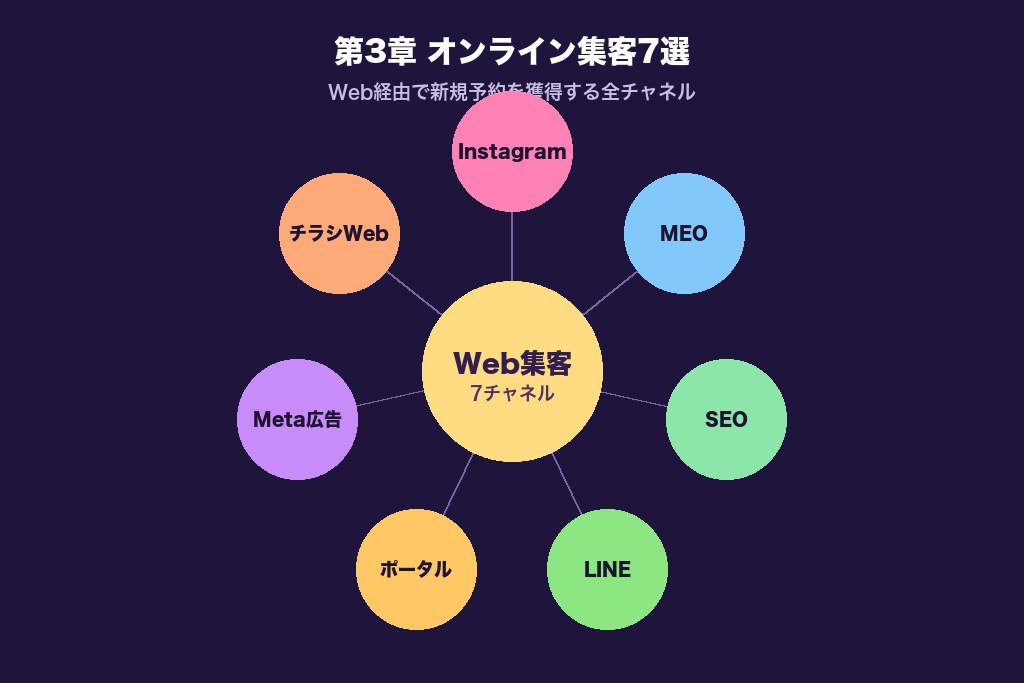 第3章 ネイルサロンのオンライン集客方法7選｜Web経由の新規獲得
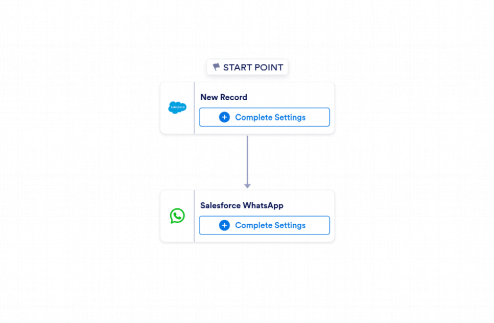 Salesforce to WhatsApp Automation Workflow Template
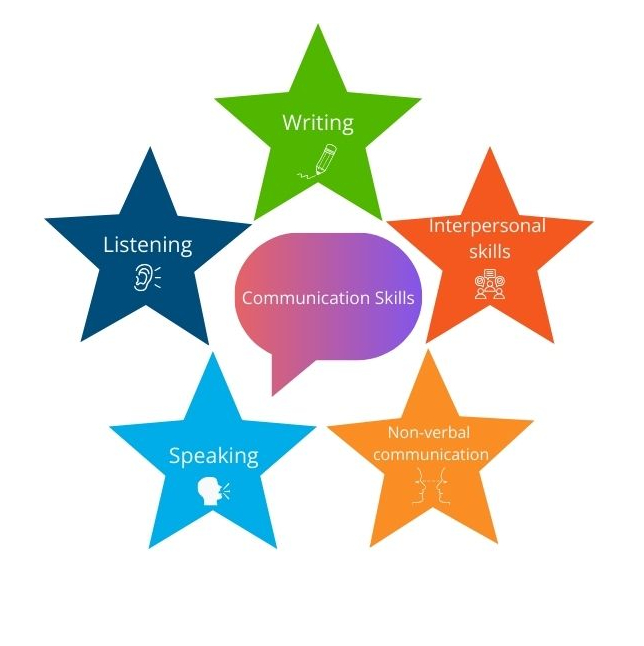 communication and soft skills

---

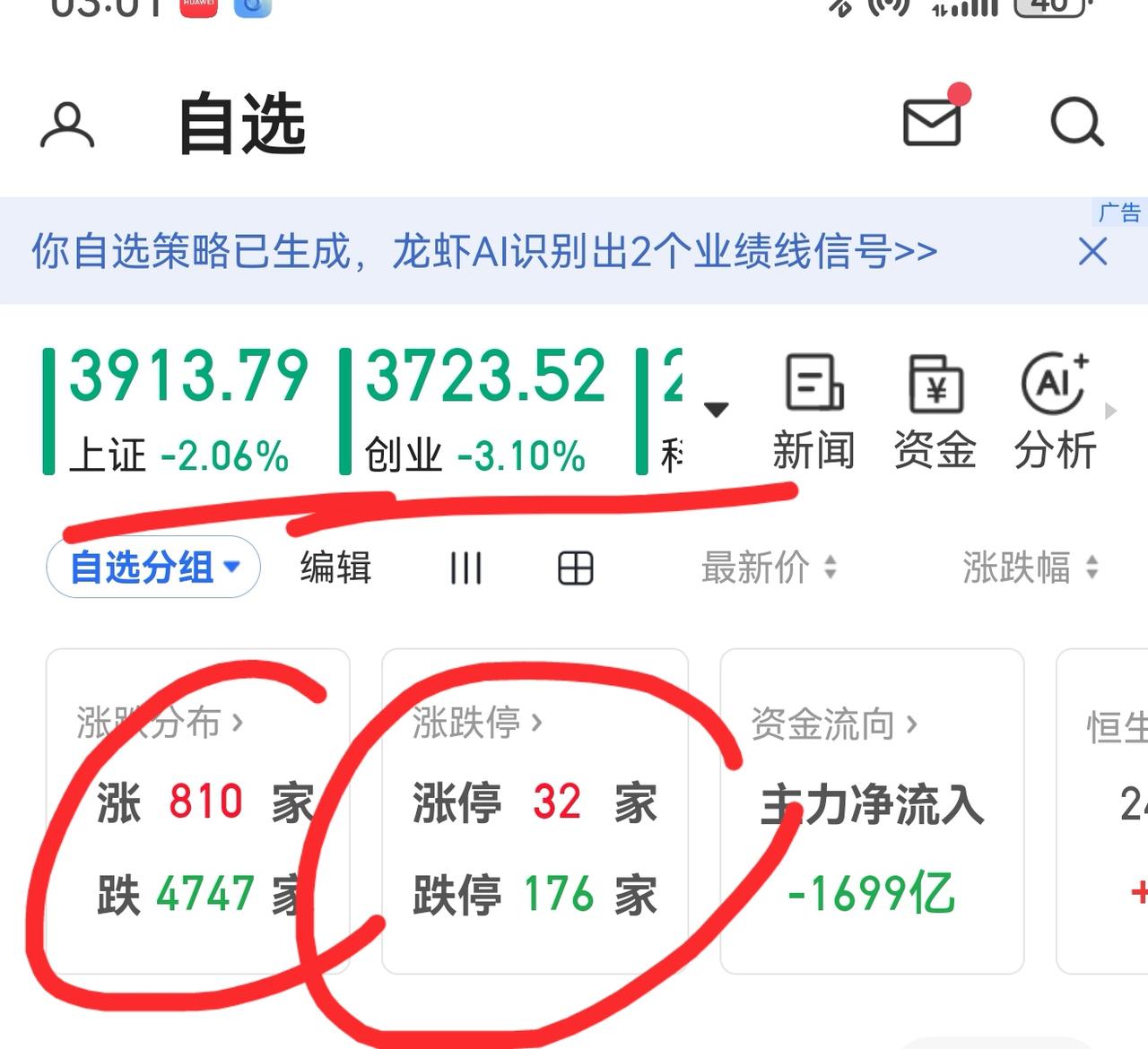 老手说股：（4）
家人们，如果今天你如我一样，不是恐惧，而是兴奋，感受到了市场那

**Work order**
Only one stretch of the data is wanted: write out exactly the lines from the one holding "第3章 ネイルサロンのオンライン集客方法7選｜Web経由の新規獲得" through the one holding "communication and soft skills", both included, without the pictures.

**Response area**
 第3章 ネイルサロンのオンライン集客方法7選｜Web経由の新規獲得
 Salesforce to WhatsApp Automation Workflow Template
 communication and soft skills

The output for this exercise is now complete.